:: Aim of the task ::
From the line that includes "Slide: The Image" to the last line of the records that follow, copy every line exactly and nothing more, omitting pictures.

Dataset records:
▽

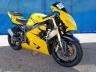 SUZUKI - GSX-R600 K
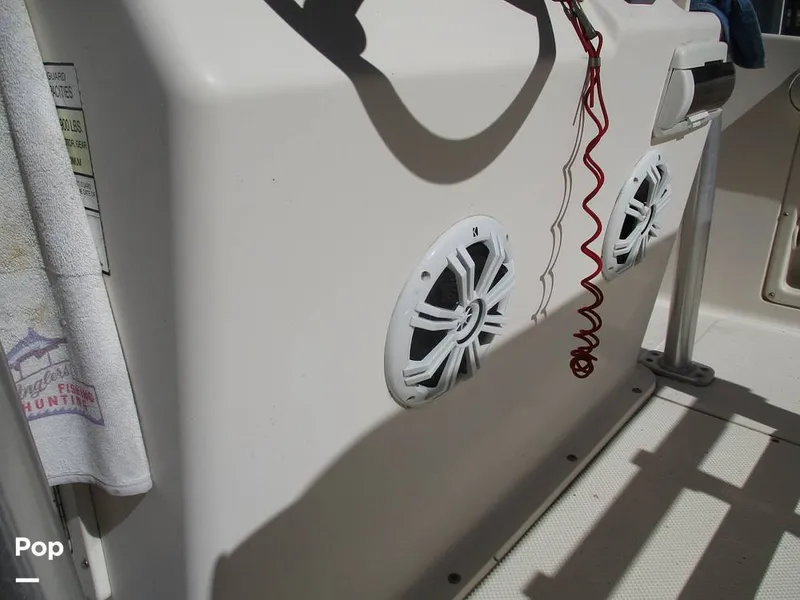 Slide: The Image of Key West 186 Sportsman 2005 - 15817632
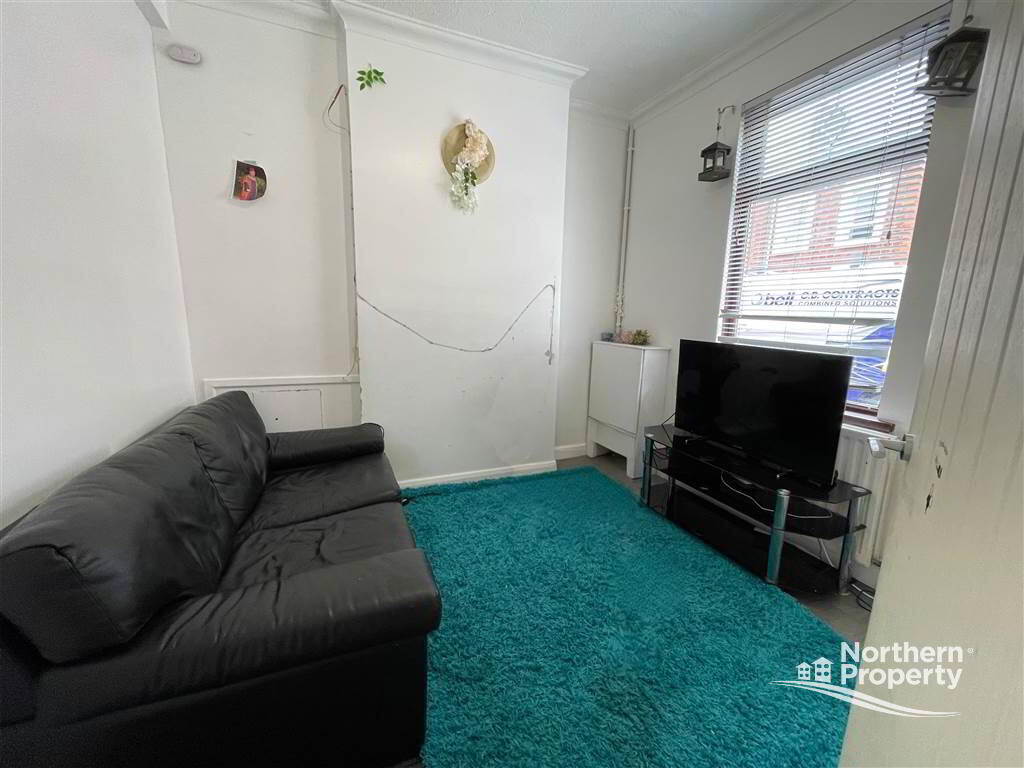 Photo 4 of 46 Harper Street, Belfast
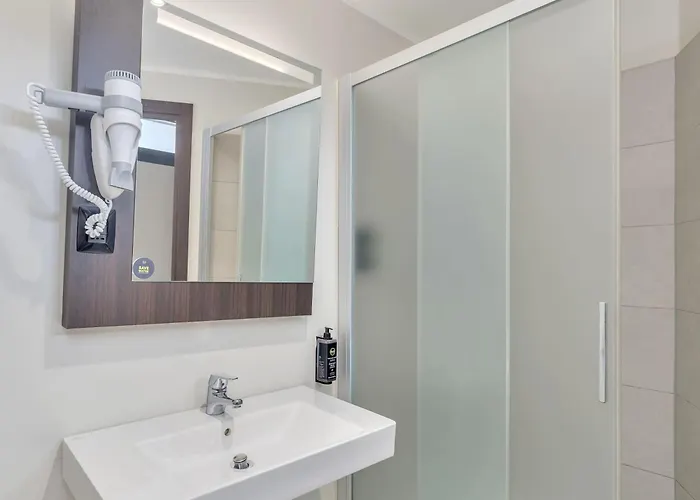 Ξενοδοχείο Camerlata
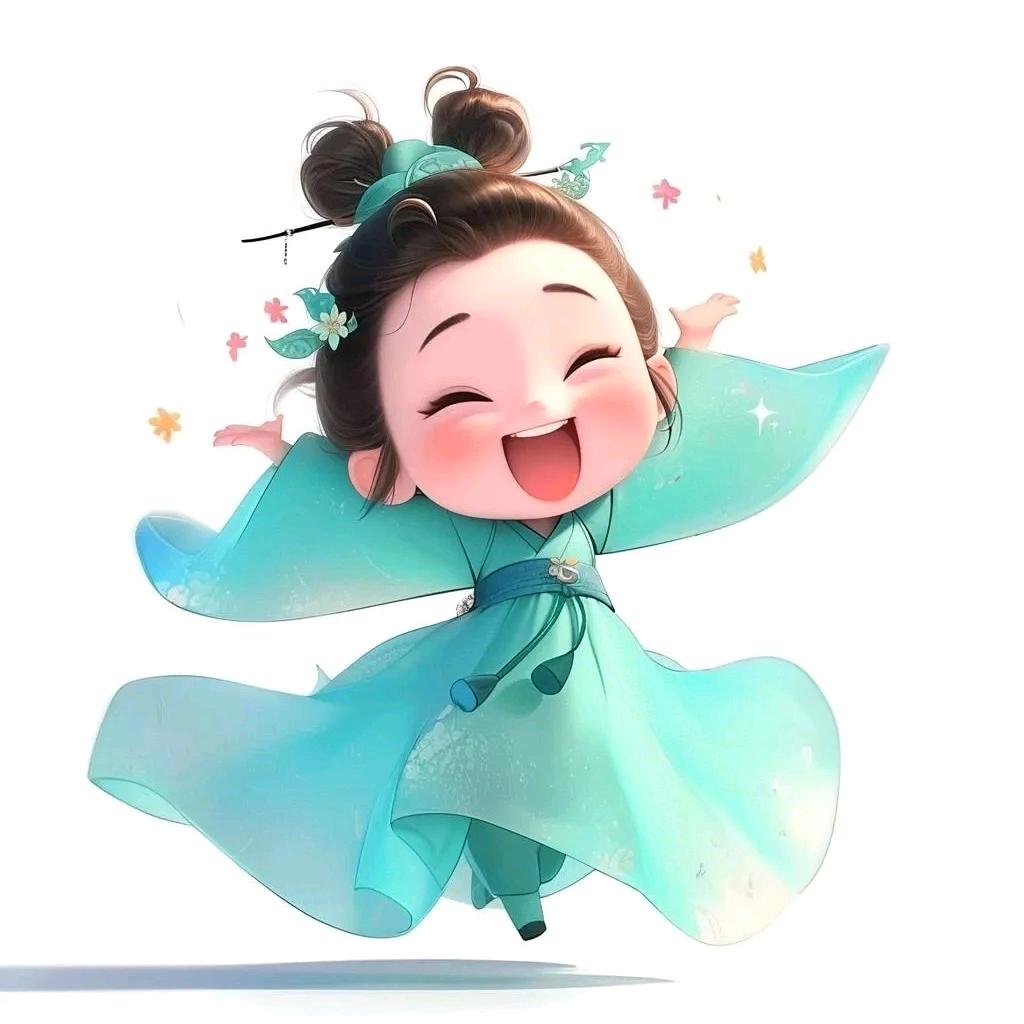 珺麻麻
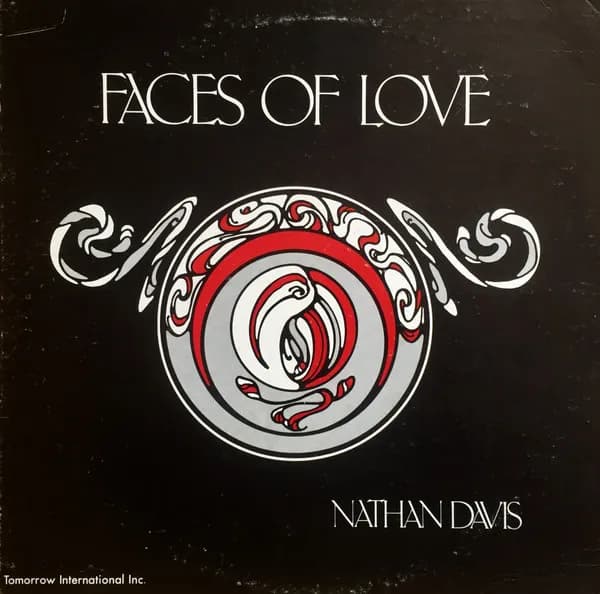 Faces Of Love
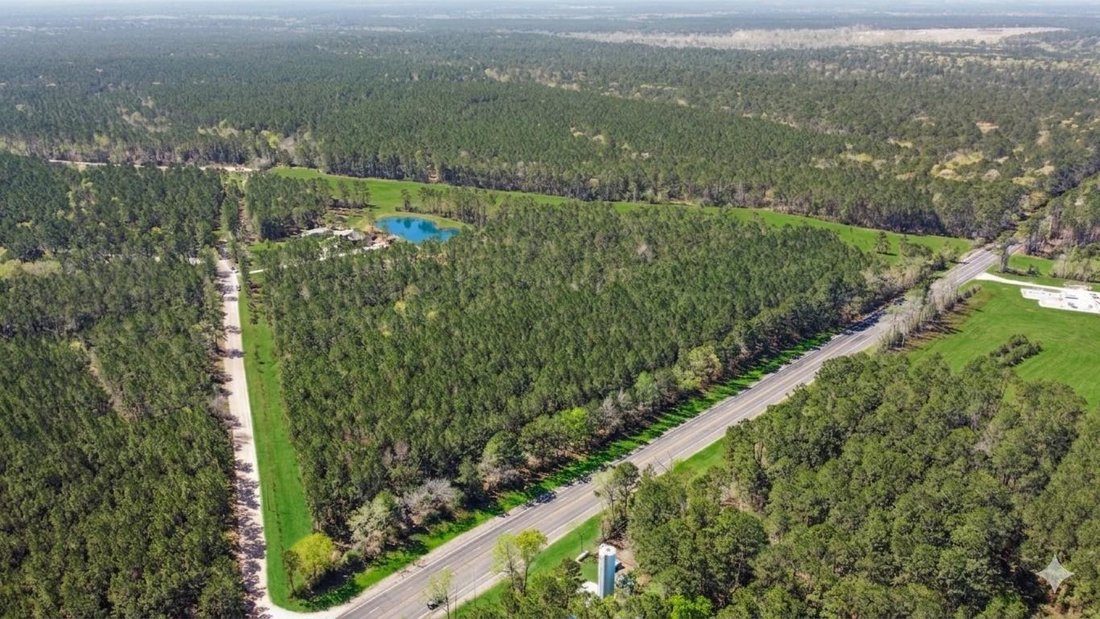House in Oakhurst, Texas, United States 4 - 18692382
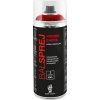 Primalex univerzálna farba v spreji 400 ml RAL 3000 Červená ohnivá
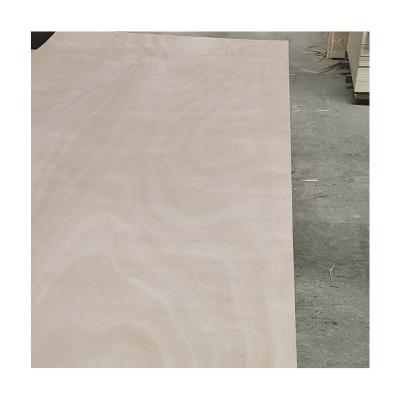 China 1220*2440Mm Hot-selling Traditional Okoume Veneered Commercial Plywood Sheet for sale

△

:: Solution to this task ::
 Slide: The Image of Key West 186 Sportsman 2005 - 15817632
 Photo 4 of 46 Harper Street, Belfast
 Ξενοδοχείο Camerlata
 珺麻麻
 Faces Of Love
House in Oakhurst, Texas, United States 4 - 18692382
 Primalex univerzálna farba v spreji 400 ml RAL 3000 Červená ohnivá
 China 1220*2440Mm Hot-selling Traditional Okoume Veneered Commercial Plywood Sheet for sale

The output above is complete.